14. Knowing Your Students

  • Meiri suggests that the Mishna is advising that one make a fence to "words of Torah". When teaching, one must be aware of the audience, recognizing that sometimes more is less.
  • Compare also Midrash Shemuel. Scroll down to ד"ה "והעמידו תלמידים הרבה" and scan the paragraph that begins "ואפשר עוד שכוונת התנא לשלול".
  • R. Shemuel b. Yitzchak de Uceda's starting point is the second recommendation given by the Mishna, that one should have many students, even if not all are "proper". According to him, how does the instruction "עשו סייג לתורה" serve to complement (or, perhaps, mitigate) that rule?

14. Summary

  • This module has looked at four attempts to reconcile the Mishna's recommendation that one add safeguards to Torah with the prohibition of "בל תוסיף", which forbids adding to Torah.

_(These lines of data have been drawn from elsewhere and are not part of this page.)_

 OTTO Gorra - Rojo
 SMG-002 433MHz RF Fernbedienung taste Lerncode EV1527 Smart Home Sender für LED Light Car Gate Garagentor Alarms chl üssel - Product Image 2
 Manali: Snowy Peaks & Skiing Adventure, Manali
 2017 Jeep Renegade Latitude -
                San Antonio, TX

  • Chizkuni limits the prohibition of Devarim 4 and 13, suggesting that it refers solely to the prohibition of idolatry. This narrow reading easily explains why Rabbinic safeguards are not considered a violation.
  • The Kuzari limits the law in another way, claiming that it is aimed only at laymen. Leaders such as sages, prophets, or priests, are not included and are, thus, free to enact laws as they deem necessary.

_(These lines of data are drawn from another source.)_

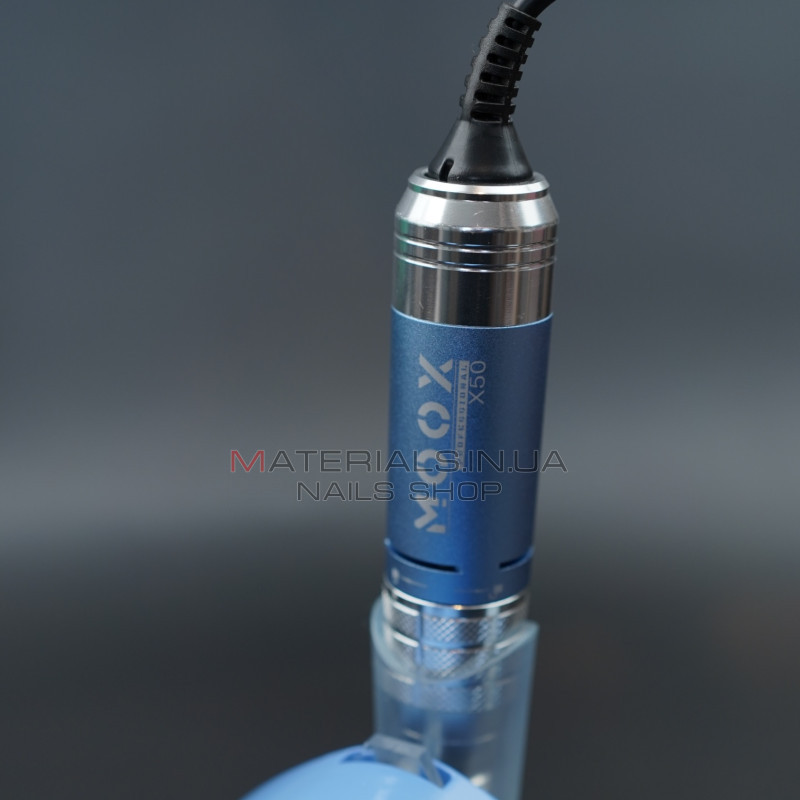 Фрезер Мокс X300 (Blue) на 50 000 об/хв і 70W. Фрезер Мокс X300 (Blue) на 50 000 об/хв і 70W.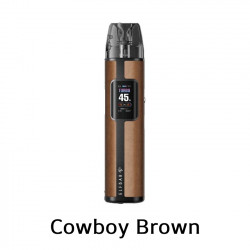 ELFX Pro - Elfbar - Couleur Cowboy Brown
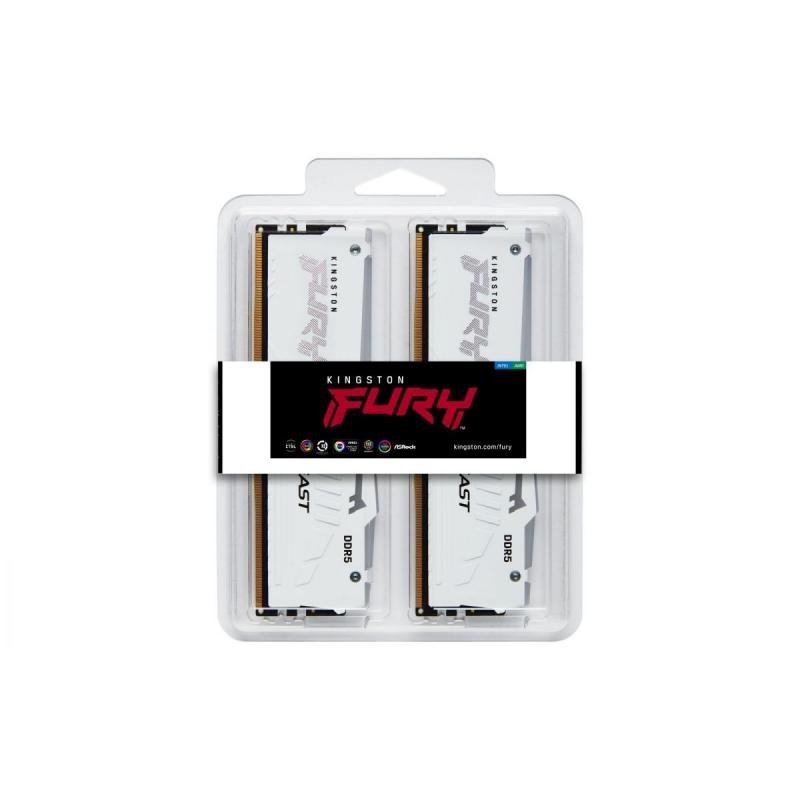 MEMORY DIMM 32GB DDR5-5600/K2 KF556C36BWEAK2-32 KINGSTON MEMORY DIMM 32GB DDR5-5600/K2 KF556C36BWEAK2-32 KINGSTON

  • The Sifre narrows the scope of the prohibition in yet a third manner, asserting that it applies only to changing the form of an existing law. As such, Rabbinic enacting of new laws is not problematic.
  • Ramban, in contrast, does not limit the law and suggests that it relates to adjusting both existing commands and creating new ones. Rabbinic safeguards are exceptional only because the Torah itself commands that one put such fences in place.